◆ **Supplied material**
⟨

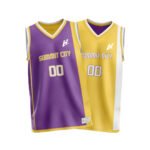 Basketball Reversible Uniform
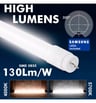 ack 10 Tube LED 9W 60cm SAMSUNG 130lm/W 300° - Image 7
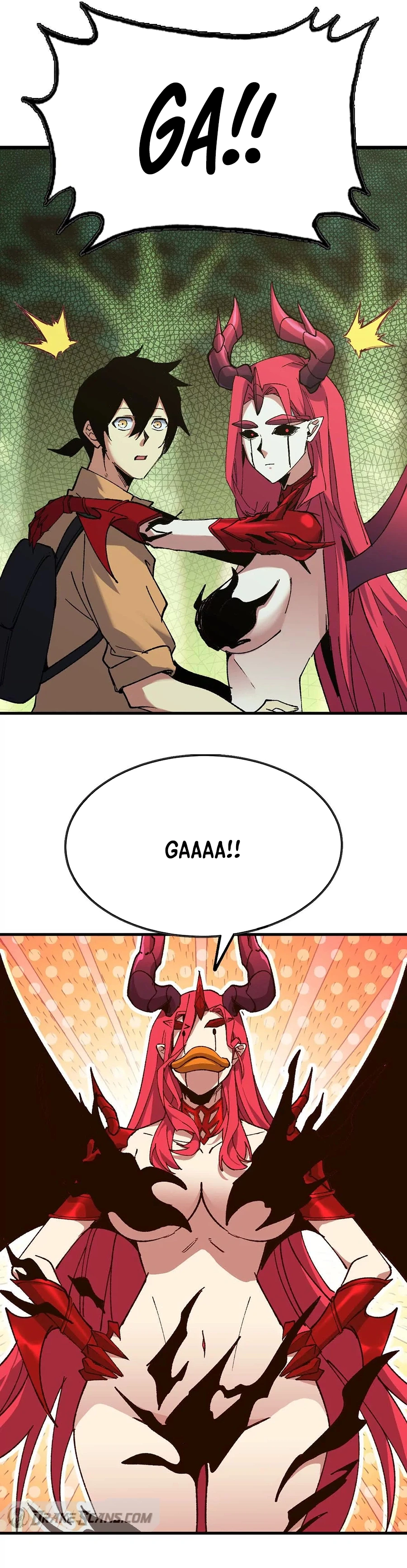 Hero X Demon Empress Chapter 99 - 13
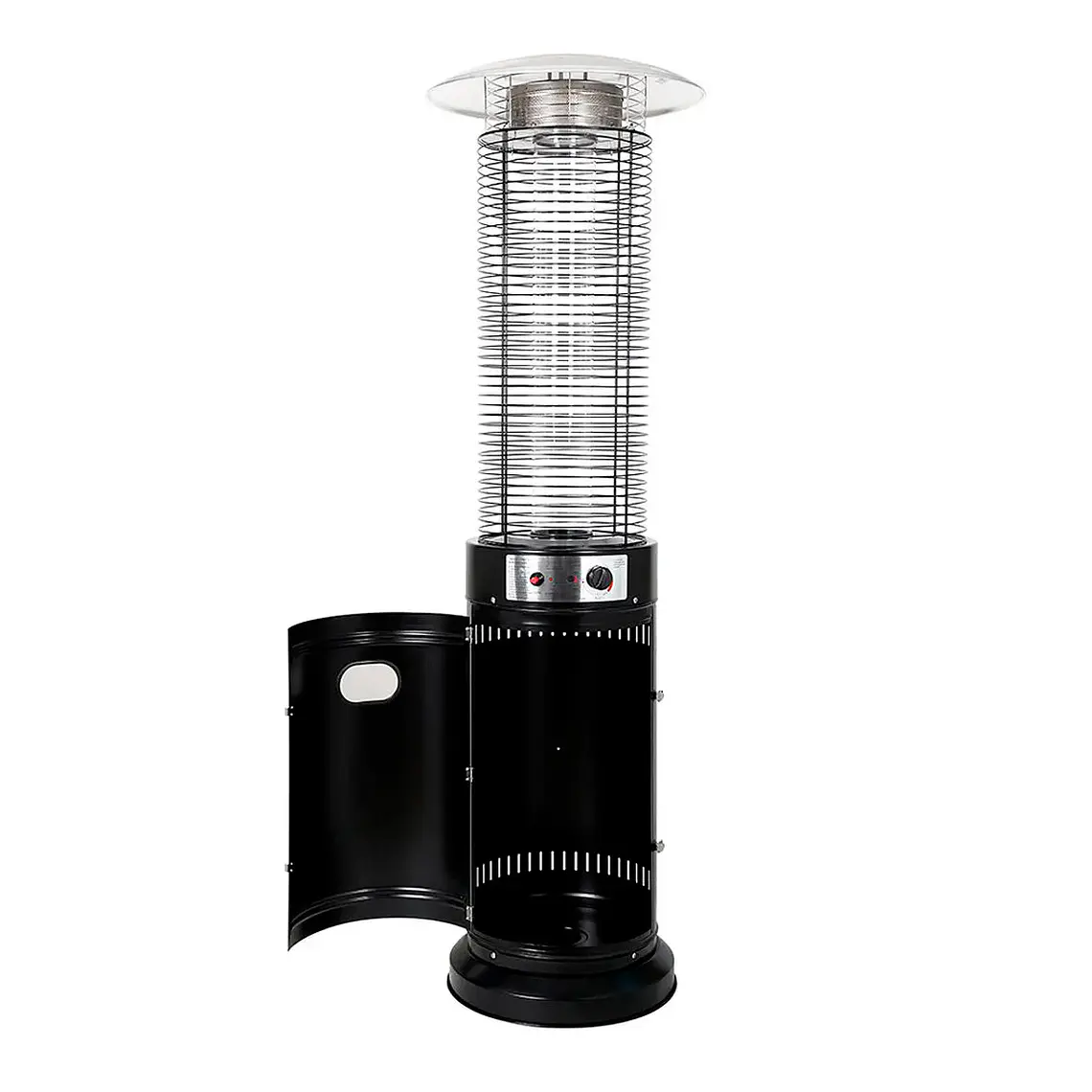 Estufa Calefactor Exterior Tubular 13 Kw 1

⟩

Copy the data above word for word. Pictures stay out.

◆ **Solution for this exercise**
 Basketball Reversible Uniform
 ack 10 Tube LED 9W 60cm SAMSUNG 130lm/W 300° - Image 7
 Hero X Demon Empress Chapter 99 - 13
 Estufa Calefactor Exterior Tubular 13 Kw 1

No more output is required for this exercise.